*** Opening of Collected data ***

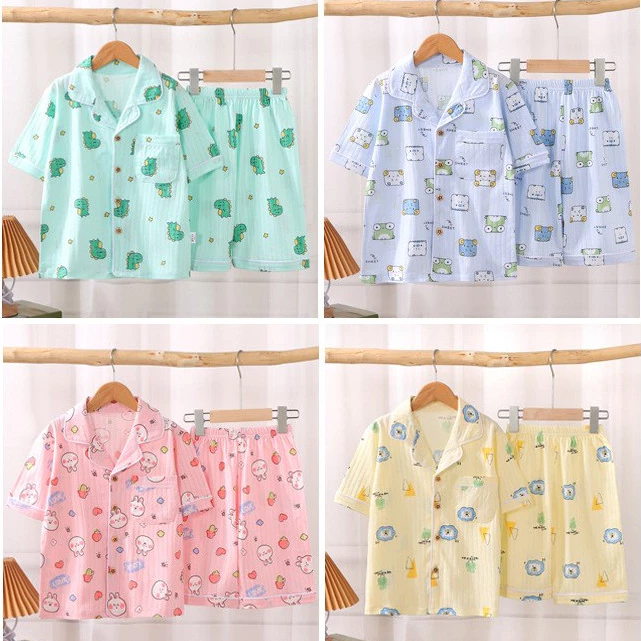 Bộ cộc tay trẻ em, pijama cộc tay cho bé trai và bé gái vải cotton thông hơi mềm mát, họa tiết xinh yêu
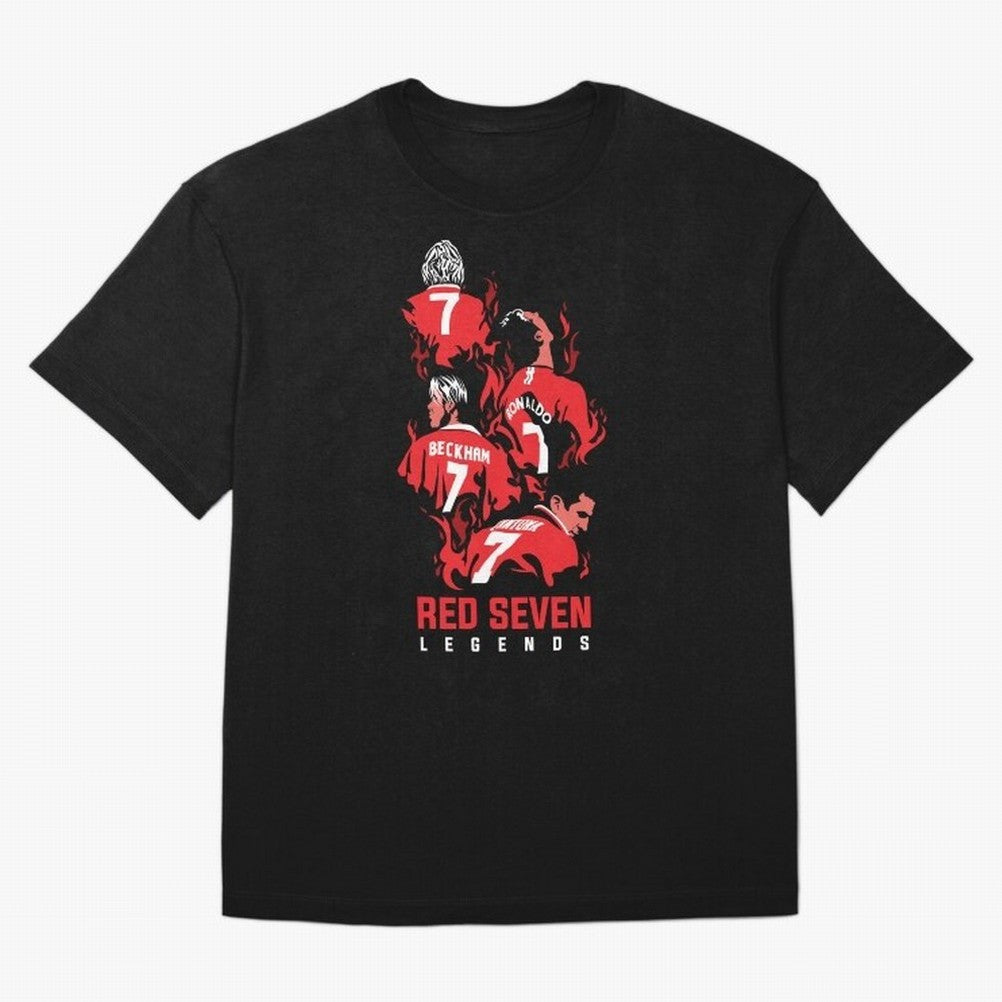The Red Seven - Man Utd Oversized T-Shirt Capture Global Football Passion for FIFA World Cup 2026, Centered on Mbappe and Neymar, France and Portugal, Stadium Memories, Football Loyalty, International Chants and Championship Tradition; Great for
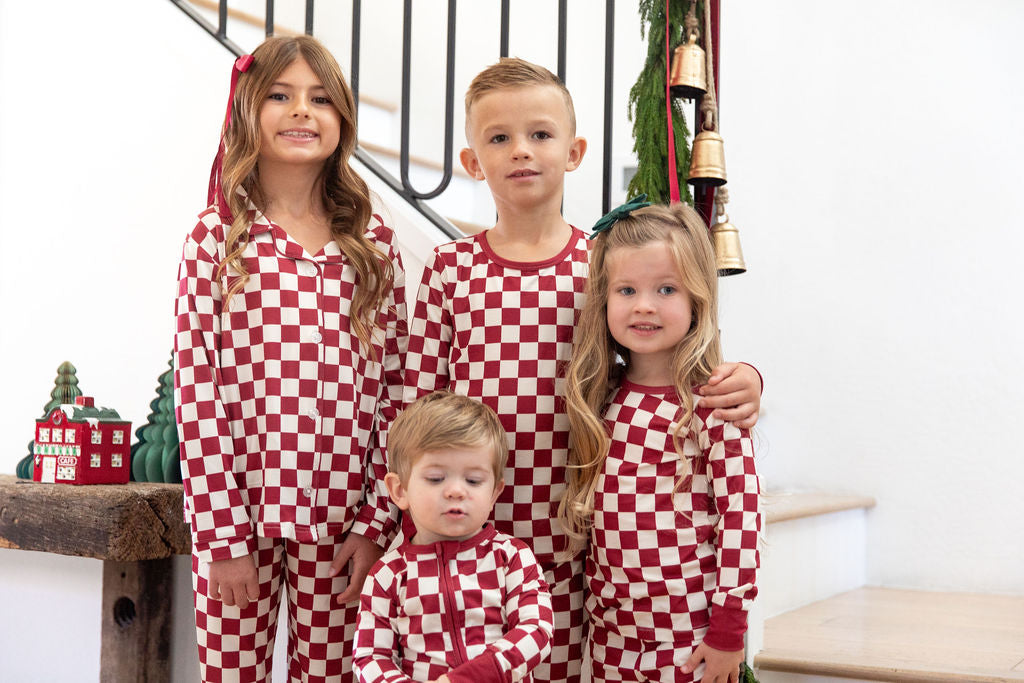 CRANBERRY CHECKER | GIRLS' BUTTON UP LONG SLEEVE SET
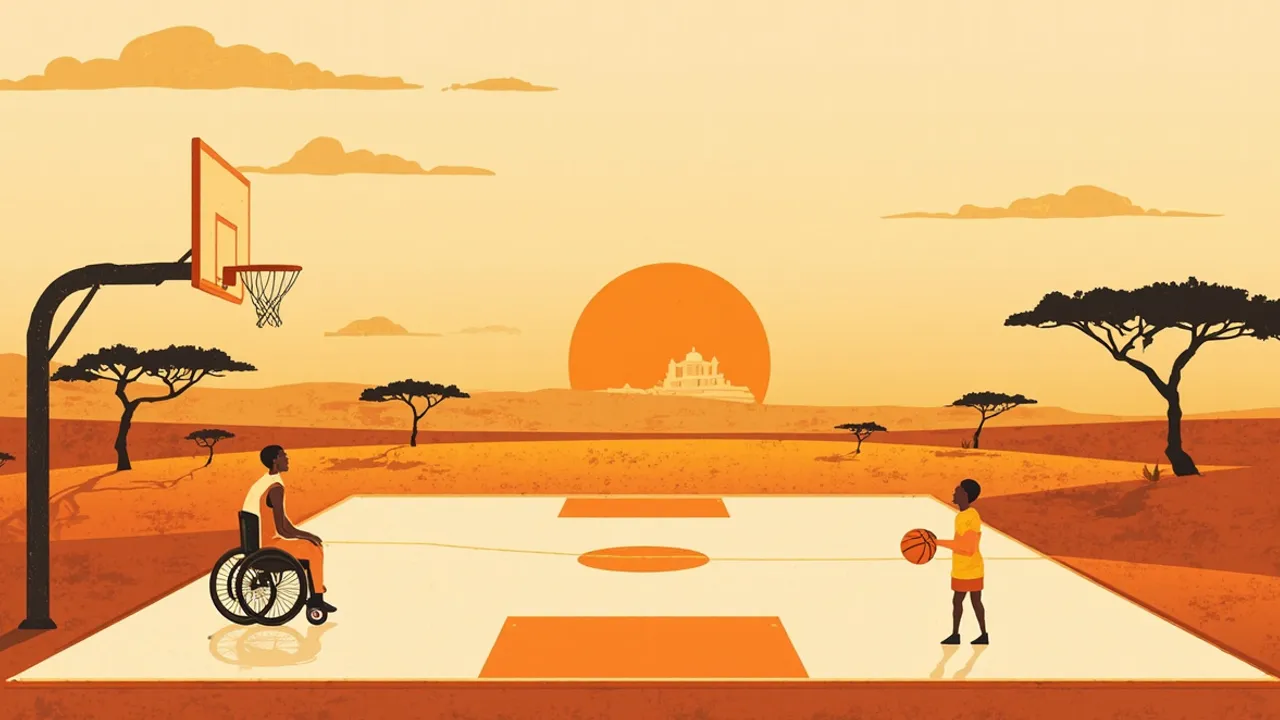A savanna landscape with an outdoor basketball court where a wheelchair user and a standing child share a single ball beneath a hoop at golden hour.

*** Close of Collected data ***

* **What is needed**: Leave out the pictures, and write out all the remaining data above exactly.

* **Task result**:
 Bộ cộc tay trẻ em, pijama cộc tay cho bé trai và bé gái vải cotton thông hơi mềm mát, họa tiết xinh yêu
The Red Seven - Man Utd Oversized T-Shirt Capture Global Football Passion for FIFA World Cup 2026, Centered on Mbappe and Neymar, France and Portugal, Stadium Memories, Football Loyalty, International Chants and Championship Tradition; Great for
 CRANBERRY CHECKER | GIRLS' BUTTON UP LONG SLEEVE SET
A savanna landscape with an outdoor basketball court where a wheelchair user and a standing child share a single ball beneath a hoop at golden hour.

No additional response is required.